To sum up some of the lessons learned:
Accessing global symbols from functions is expensive.
Accessing symbol attributes is expensive.
which leads to a saying
Cache is our friend.
List below shows the strategies (in no particular order).
1. Delete unused code
Probably the easiest way to reduce the size of the code is to delete all the unused stuff (imports, functions, classes, variables... ) - or at least delete it from the resulting binary. How to search for it? Apart from doing it manually, what helps are two things:
- code editor (at least
VS Code
) highlights unused symbols - they become greyed out - tools like Vulture can analyze whole
python
codebase and report all possibly unused symbols
2. Import only what is needed for the code execution
Static type hints in modern python
are a fantastic thing, but they are not without some drawbacks. When type-hinting with object from another module, this object needs to be imported - and therefore, normally, will generate some runtime and compiled overhead.
To combat this (and also to combat circular dependencies), it is possible to use typing.TYPE_CHECKING
flag. This flag is False
at runtime, but True
when type-checking the code.
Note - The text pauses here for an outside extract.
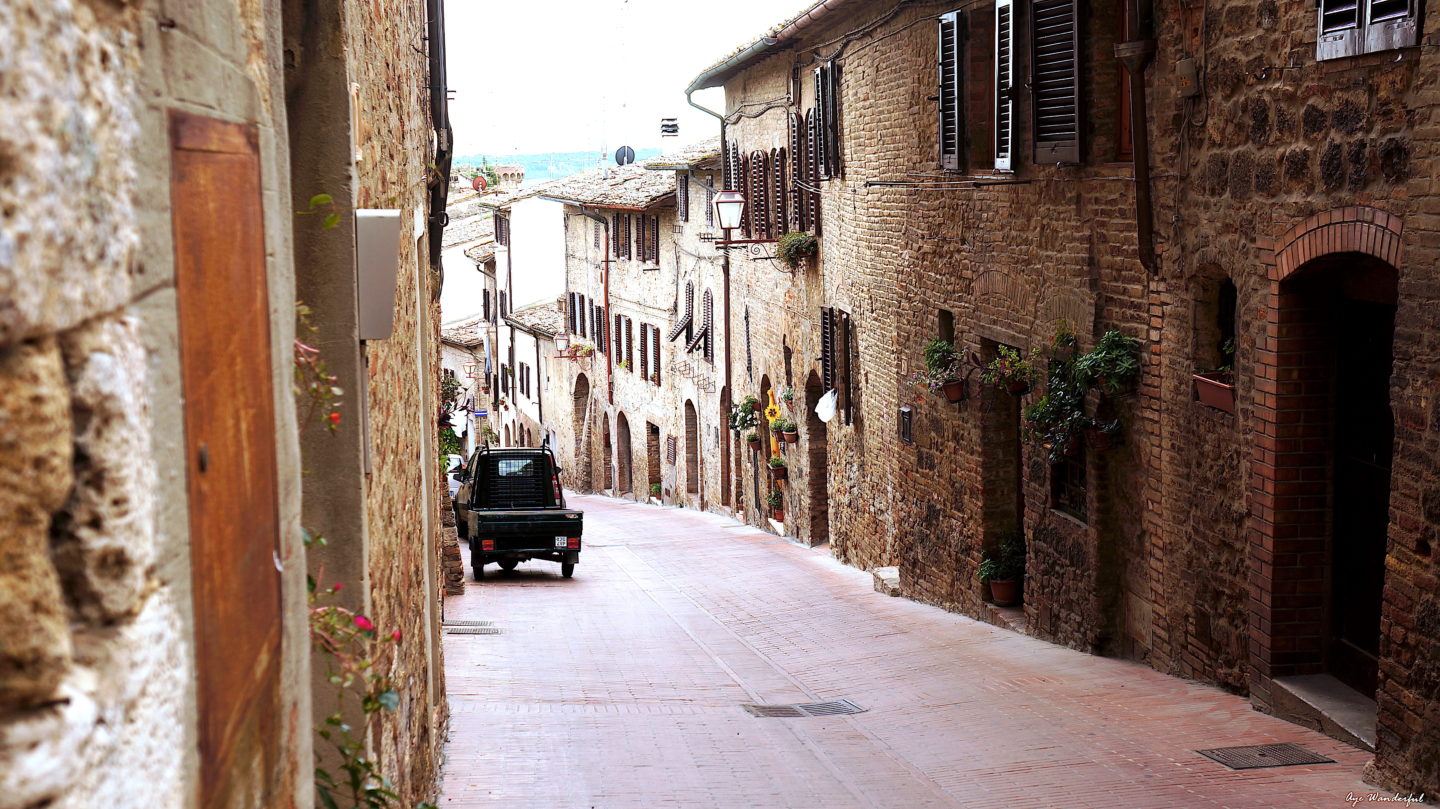 A day in San Gimignano | What to do in San Gimignano | Tuscany | Italy | Day trip from Siena | Day trip from Florence | Read more on www.ayewanderful.com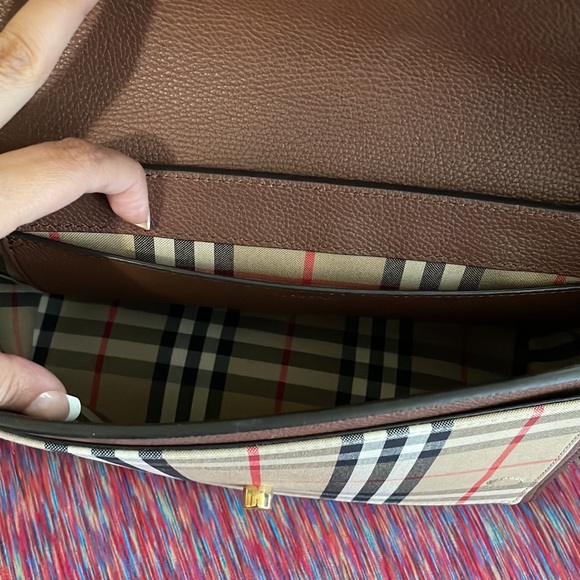 Burberry Leather and Vintage Checknote crossbody - Picture 7 of 7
The imports inside if TYPE_CHECKING:
are not executed at runtime (not included into binary at compile time).
Before
from my_module import MyObject
def my_func(obj: MyObject) -> None:
...
After
from typing import TYPE_CHECKING
if TYPE_CHECKING:
from my_module import MyObject
def my_func(obj: MyObject) -> None:
...
Benefits
Size cost of one global import is around 8 bytes.
3. Inline short one-time helper functions
Having a lot of small and well-documented helper functions is generally a good practice. However, each function has significant size overhead in the resulting binary.
When a function is used only once, it can be beneficial to inline it. This is especially true for short functions, which are not used anywhere else.
Before
def derive_shelley_address(parameters: Params) -> bytes:
header = _create_header(parameters.address_type, network_id)
...
def _create_header(address_type: AddressType, network_id: int) -> bytes:
header = address_type << 4 | network_id
return header.to_bytes(1, "little")
After
def derive_shelley_address(parameters: Params) -> bytes:
# _create_header
header_int = parameters.address_type << 4 | network_id
header = header_int.to_bytes(1, "little")
...
Benefits
Size benefit of inlining one-time function is around 50 bytes. It depends on the amount of function arguments - the more, the bigger the size decrease. Also, those two functions can now share one local scope, which is beneficial for caching purposes (see next strategies).
Drawbacks
It can decrease the readability of the code. It is also then impossible to test that helper function in isolation. What would solve both these issues is compile-time magic doing the "inlining" automatically.
4. Create functions of repeating patterns
It may be a contradiction of the point above, to create more functions, but when the same logic is used many times, it can be (not only space-wise) beneficial to group it into a function.
Before
self.prevouts = HashWriter(blake2b(outlen=32, personal=b"ZTxIdPrevoutHash"))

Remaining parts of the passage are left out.